I agree. Having it outside will save u nothing. I really like ur idea. Good job.
When I mounted my battery inside I did it for two reasons, one was to keep it warm in winter to get more amp hours out of it, but mainly to allow for two bike racks on the tongue. For the battery I purchased an AGM deep cycle and it only charges through my very good MPPT solar charge controller, even when in tow via a 12 to 19volt 8amp converter that swaps from solar panels to car when in tow. AGM's will not off gas so long as the charger does no wrong. For balance my battery is just behind and inside of the door side (right side) wheel well. It helps balance my trailer left to right, and being as close to the axle as I could get it does not impact the balance so much or stress the frame. The balance is affected by taking a 70 lb battery off the tongue, which is put back in balance by 70ish lbs of bikes and racks.
On the tongue I switched to twin 11 lb propane tanks and moved them forward to battery location, and the bike racks are where the propane tanks were. I have an old pair of Yakima roof rack mounted bike racks, with some aluminum tubing they now easily bolt and unbolt to the tongue. The bikes stay low and in view when I am towing, and do not not interfere with the roof. I may try to mount a hitch mount bike rack so that when I want to leave the trailer and take the bikes I can more easily transplant a hitch mount rack to the car than the roof rack mounts. Also its not easy getting a bike on top of my Subaru Outback, the new ones are quite a bit taller than the older models. In Winter I was thinking the space on the tongue could be used for my small generator and fuel. Thus far I have not had issue with just my 100 amp hour battery and 200 watts of solar panel, even winter camping. But I have been "lucky" to have only winter camped in my Aliner in really cold weather, which means clear skies.... and 13+ amps charging current off solar.
Thanks Jeffrey. I managed to mount the bike yesterday, but will not release a video until it's been given a good road test. Still have spot where the battery was on the tongue, which I'm thinking of putting a gas can painted black to hold water. That way I can get warm water anytime I'm out in a hot sunny day.
what stress could it be?its only 30 pounds.the beer in your fridge weighs more than that.
why not use flex hose for the inside venting save a whole lot of messing around.and makes it very easy for maintenance of the batteries
Deep cycle, as well as many starter batteries as trunk mounting is becoming more common, have a small hole for a vent nipple (hole might be plugged with a small plastic plug from factory) that you hook up a thin hose (like for windscreen asher fluid) to.
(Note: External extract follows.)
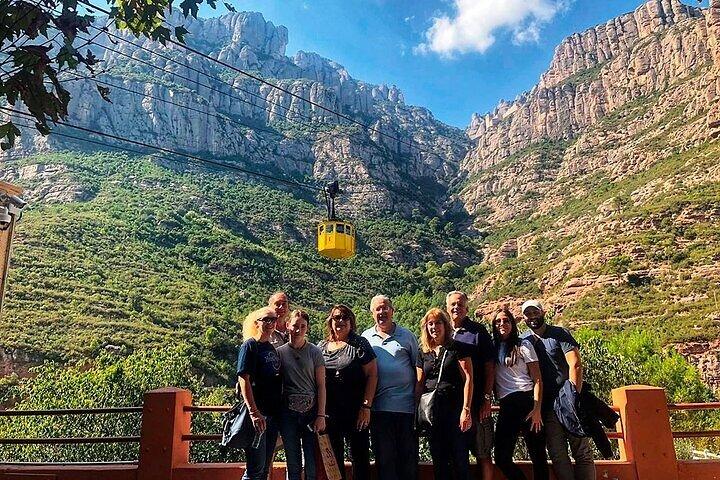 Monasterio de Montserrat Grupo pequeño o Tour privado Recogida en el hotel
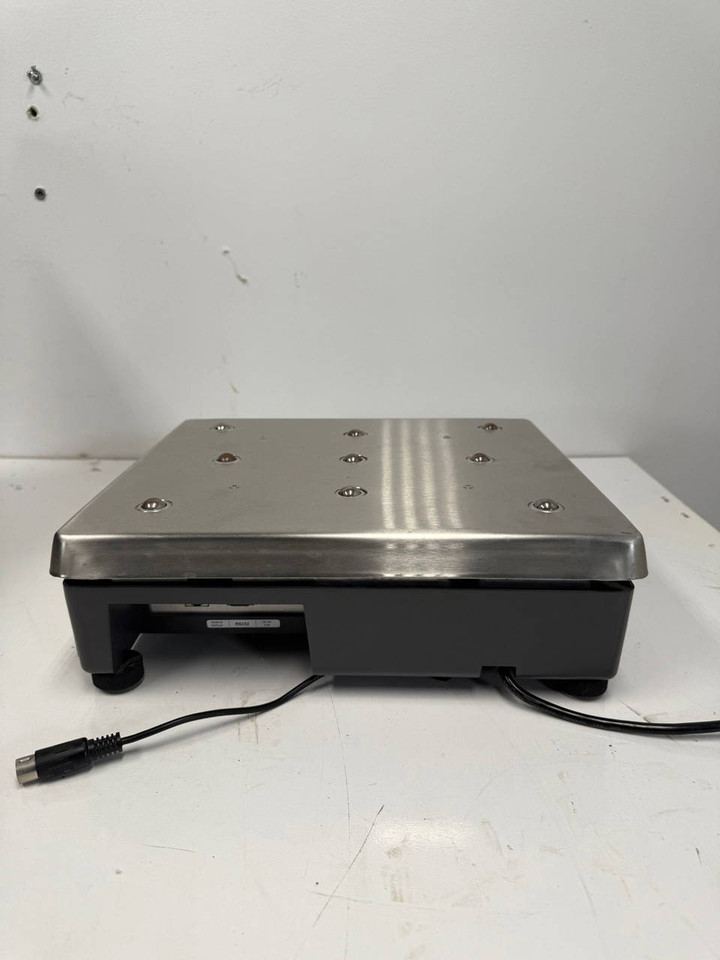Avery Weigh Tronix Scale Model 7815-75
For multiple batteries use T or Y connectors on the hose.
If the vent is plugged, the caps should be vented, but sealed caps should be available for use when the vent is used, check with the dealer.
Great idea Slim, I’ll give you a heads up after the fact; you can do this ventilation another way by mounting a 120mm x12v silent computer fan on the inside of your box ( mounts with 4 screws) cut the appropriate hole (1 1/2”-3”) & cover the outside hole with a screened vent cover sized like your door vent, run it off your battery to an accessible switch outside your battery box. When at a camp spot, (not moving) , switch it on to vent, when traveling , switch it off, the moving air flow will vent it. Shalom!
I’ve thought about this exact situation. Do you have any pictures or further descriptions?
Yes I'd like to see pics too
Nice looking installation but a question; your battery boxes are NOT airtight? They flare-out in the corners to allow the battery cables a way out of the box, the hydrogen gas you are trying to vent can also escape through these wide areas. You may have been better to simply vent the entire compartment under the cushion (no need for plumbing) allowing the hydrogen to accumulate in the entire compartment then vent out the top in the vent you installed.
Found your channel and subscribed. I want to Boondock more now, but have been thinking about moving my 2 batteries inside, and adding two more to the bank. Way cool. Thanks Slim. :)
nice video, but I would think that you would slope the pipe outside to allow any moisture that accumulated to to drain out side, any gases would still vent
Hi Dave. Hmmm, that's a thought. Easy to tweak. I am planning a long road trip, so I'll see how much moisture I get and if a little adjustment is needed. Thanks!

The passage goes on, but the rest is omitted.